しかし倒壊の直接的な原因が地震でも、建物に瑕疵があり、入居者に負傷させてしまった場合は賠償金の支払義務が生じます。

根拠となるのは、民法717条「土地の工作物等の占有者及び所有者の責任」の以下の条文です。

「土地の工作物の設置又は保存に瑕疵があることによって他人に損害を生じたときは、その工作物の占有者は、被害者に対してその損害を賠償する責任を負う。ただし、占有者が損害の発生を防止するのに必要な注意をしたときは、所有者がその損害を賠償しなければならない。

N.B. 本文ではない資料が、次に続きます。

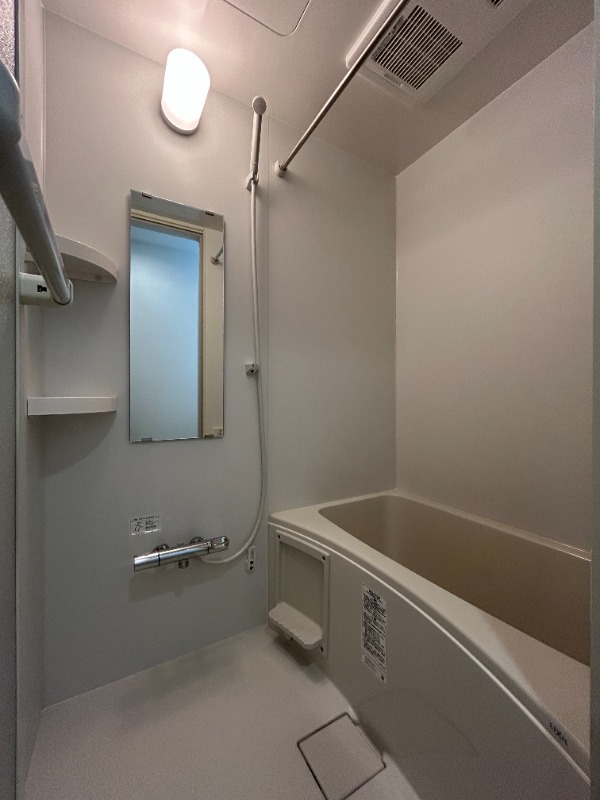 ノーザンロード東伏見2階 お風呂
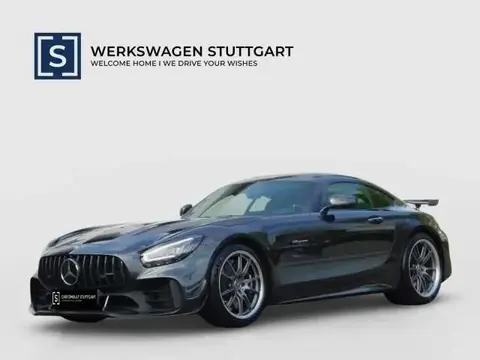 Annonce MERCEDES-BENZ CLASSE GT Essence 2019 d'occasion 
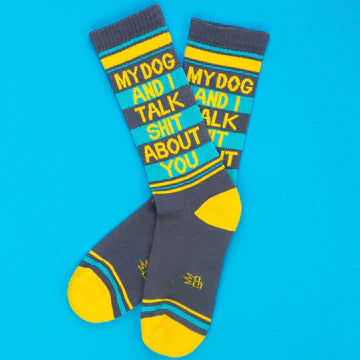 GYM CREW SOCKS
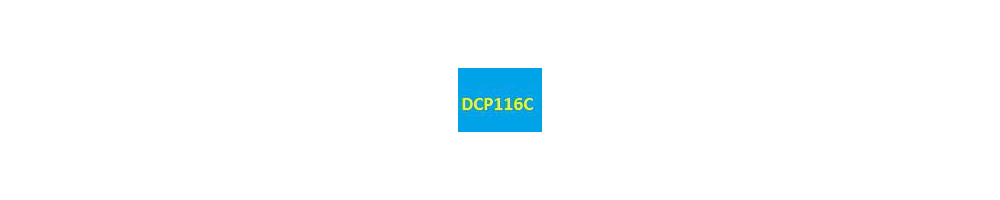 Brother DCP 116C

」

出典:e-GOV法令検索「民法 第七百十七条

大家側に賠償責任が生じるケースとして以下の例が挙げられます。

  • 耐震基準を満たしていない
  • 建築基準法に違反している
  • 建物や設備の老朽化を放置し、十分な修繕が行われていない

倒壊した賃貸物件が通常の安全性を有していなかった場合に、損害賠償責任を負うことになると考えておくとよいでしょう。

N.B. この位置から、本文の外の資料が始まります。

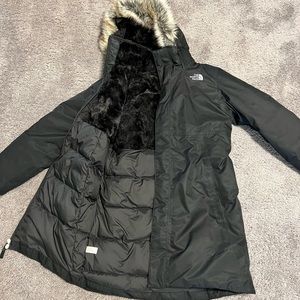 North Face Parka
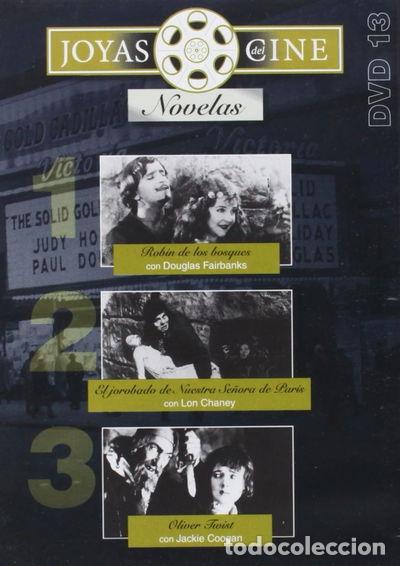 Kino: Joyas Del Cine Novelas- 8436022339149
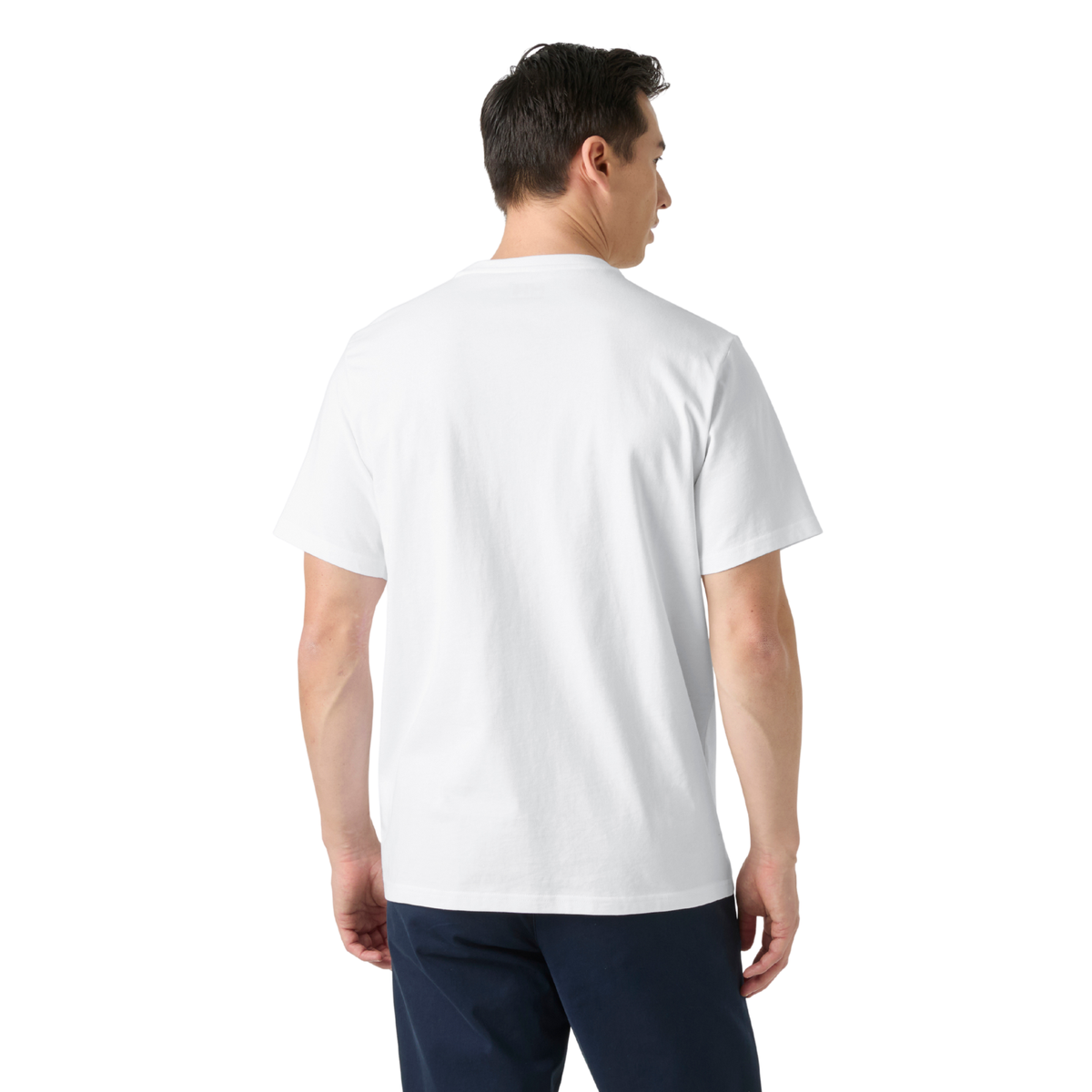 Helly Hansen Men's Core Graphic 2.0 Short Sleeve Tee White 006 54599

関連記事:アパート修繕のタイミングや修繕費の相場を紹介!手間や費用を削減するには?

不可抗力による倒壊でも入居者へのサポートは必要?

建物に瑕疵がない場合、最低限必要な対応は「現地の状況確認」「関係機関への連絡」「賃貸借契約の終了に伴う精算」の3つになります。

避難場所の案内や仮住まいの手配など、入居者へのサポートについて法的な義務はありません。

しかし、親身なサポートが入居者との良好な関係の維持や、後の不動産経営における利益につながる可能性はあります。

「サポートをしてはいけない」という決まりもないため、可能であれば入居者へのサポートを実施すると良いでしょう。

とはいえ、大家さん自身の安全や負担を考慮した上で、無理のない範囲で行うことが大前提です。

地震により賃貸物件が倒壊する原因や要因

賃貸物件が地震で倒壊!?大家はどうすべき?初動対応と事前対策を解説

同じ強さの地震でも、地震によって倒壊する物件と大きな被害はみられない物件が存在します。

地震により賃貸物件が倒壊する原因や要因を4つご紹介します。

新耐震基準を満たしていなかった

新耐震基準を満たしていない物件は、地震による倒壊リスクが高いといわれています。

日本の建築基準法では建築物への耐震設計が義務付けられており、耐震基準が設定されています。はじめて耐震基準が定められたのは1950年11月ですが、その後2度にわたり改正が行われています。

以下は、耐震基準における制定と改定の流れです。

  1. 1950年11月に建築基準法が制定※現在の「旧耐震基準」
  2. 1981年6月に「新耐震基準」へと改正
  3. 阪神・淡路大震災を受けて、2000年6月に「新・新耐震基準」へ改正

新耐震基準は震度6強〜7程度の大地震でも倒壊・崩壊の恐れがないとされる基準です。

それより前の基準である旧耐震基準で設計された建物は、震度5程度までの地震を想定しているため、大地震による倒壊リスクがあります。

参考:国土交通省「Ⅰ 住宅・建築物の耐震化に関する現状と課題

賃貸物件の建築時に施工不良があった

建築時に施工不良があった賃貸物件は、地震による倒壊が起こりやすいため注意が必要です。

単純な欠陥や不適切な素材の利用のほか、設計面・構造面の問題がみられる場合もあります。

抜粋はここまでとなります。